Bouwsector niet happig op koopkrachtpremie
De bouwsector staat niet te springen voor de koopkrachtpremie, zo blijkt uit een rondvraag van Bouwunie bij haar leden-werkgevers in aanloop naar de sectorale onderhandelingen en als gevolg van het gevraagde advies door de Hoge Raad voor de Zelfstandigen en de Kmo. De koopkrachtpremie, een maatregel uit het loonakkoord, geeft werkgevers, wanneer die in 2022 een ‘hoge winst’ boekten, de mogelijkheid hun werknemers een premie van maximaal 500 euro toe te kennen. Bij ‘uitzonderlijk hoge winsten’ bedraagt de premie maximaal 750 euro.

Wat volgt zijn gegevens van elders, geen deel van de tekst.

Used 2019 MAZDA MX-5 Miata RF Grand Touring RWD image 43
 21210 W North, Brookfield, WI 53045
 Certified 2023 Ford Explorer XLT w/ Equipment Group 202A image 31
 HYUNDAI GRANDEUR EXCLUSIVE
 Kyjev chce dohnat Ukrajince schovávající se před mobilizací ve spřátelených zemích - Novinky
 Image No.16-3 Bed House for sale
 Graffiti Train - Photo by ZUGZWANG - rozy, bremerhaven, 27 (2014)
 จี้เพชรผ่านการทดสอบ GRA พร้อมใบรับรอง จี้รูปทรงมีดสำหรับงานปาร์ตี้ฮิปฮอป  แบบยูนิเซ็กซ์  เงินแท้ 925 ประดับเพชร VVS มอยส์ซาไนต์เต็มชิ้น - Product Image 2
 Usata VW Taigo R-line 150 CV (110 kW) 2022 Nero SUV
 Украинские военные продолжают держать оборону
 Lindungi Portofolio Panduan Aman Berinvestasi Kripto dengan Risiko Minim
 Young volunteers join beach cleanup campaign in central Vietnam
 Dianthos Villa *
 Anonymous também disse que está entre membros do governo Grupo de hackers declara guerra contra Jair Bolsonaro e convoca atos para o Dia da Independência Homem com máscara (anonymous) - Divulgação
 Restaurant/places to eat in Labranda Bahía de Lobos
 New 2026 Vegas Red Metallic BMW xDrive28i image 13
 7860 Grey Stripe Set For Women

“De koopkrachtpremie moet een uitzonderlijke premie zijn. Niet zoals de coronapremie, waar het net uitzonderlijk was wanneer je die niet kreeg”, verduidelijkt Bouwunie-topman Jean-Pierre Waeytens. “In de bouw bestaat een driemaandelijkse loonindex. In een jaar met stijgende bouwmateriaal- en energieprijzen, kwam daar dus elke drie maanden een loonsverhoging bij zonder dat de werknemers hiervoor harder moesten werken. Een extra premie is van het goede teveel. Onze werkgevers gunnen hun werknemers zeker wel een deftig loon en vele extra’s, maar het stopt ergens”, stelt Waeytens.
De bouwwerkgevers vinden ook dat de definitie van wat hoge of uitzonderlijke winst is, best ook meteen in de wet wordt opgenomen. “Dit om te vermijden dat de vakbonden 'hoge winst' simpelweg reduceren tot 'winst'. Komt de premie er toch, wat de bouwwerkgevers dus liever niet zien gebeuren, dan willen ruim zes op de tien bouwbedrijven die uitbetalen via de loonbrief. Niet via een cheque via Sodexo/Monizze of Edenred. Daar is totaal geen animo voor”, aldus Waeytens.